Thank you again for your time and help!


September 3rd, 2011, 04:59 PM
Burn an image of Ubuntu in a disc or make a bootable USB. Then boot into the disc/USB, and then, when promted to use the Live CD or Install, choose the one, that says, Install. There you select, to use 50-50 of your HDD, which is selected by default. And you are done. Enjoy Ubuntu!

September 3rd, 2011, 05:06 PM
when promted to use the Live CD or Install, choose the one, that says, Install. There you select, to use 50-50 of your HDD, which is selected by default. And you are done.

Please read the OP again. There are four primary partitions which is why this will not work.

@Elaphe, strange how the same problem comes in batches. :) Have a look at this thread from only earlier today.


And look at the post I link to in post #3 there. The thread and my linked post should answer all your questions, but post back if you need any more help.

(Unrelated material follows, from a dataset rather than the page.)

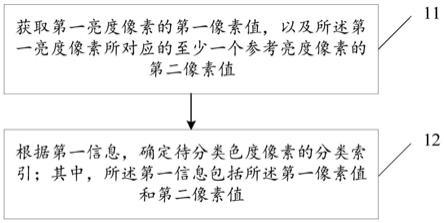 一种图像处理方法、装置、设备及可读存储介质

September 4th, 2011, 04:48 PM
Do you really need the 'HP Tools' partition? Are these 'tools' vital? You could also use the 'Recovery Partition' as long as you burn recovery CDs first. If you have correctly burnt recovery disks, these should work when needed, making the recovery partition redundant too.

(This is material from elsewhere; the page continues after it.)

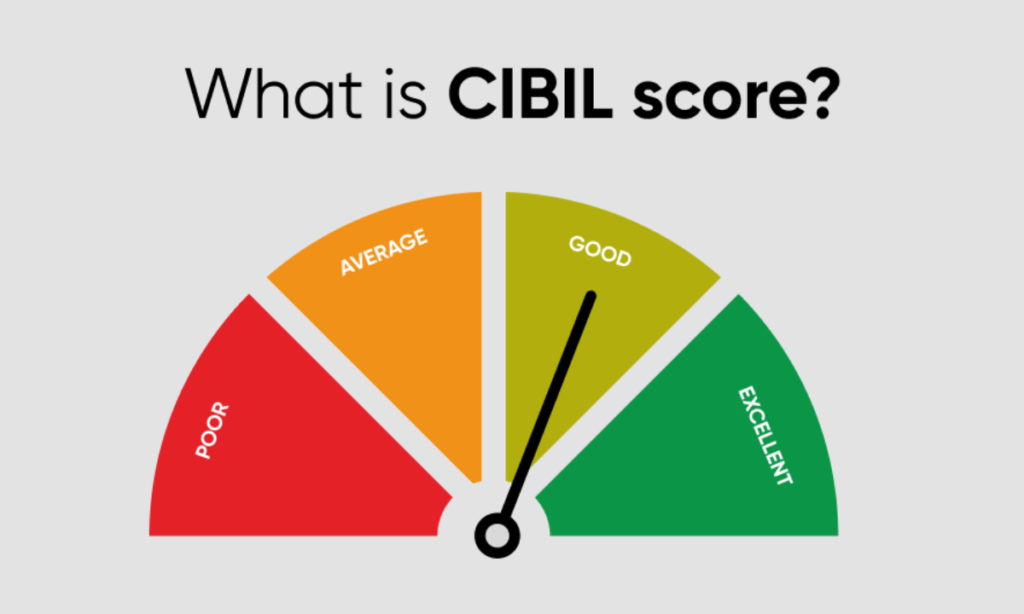 CIBIL SCORE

Obviously if you intend buying a Windows retail disk then you can start from scratch, repartition your hard drive and have a fresh Windows and Ubuntu with no 'bloatware'.

I presume redoing your partitions will invalidate any new computer guarantee? Check carefully before you proceed.

September 5th, 2011, 04:37 PM
Hi guys!

Thank you so much for your replies, and I'm sorry I couldn't reply to them sooner!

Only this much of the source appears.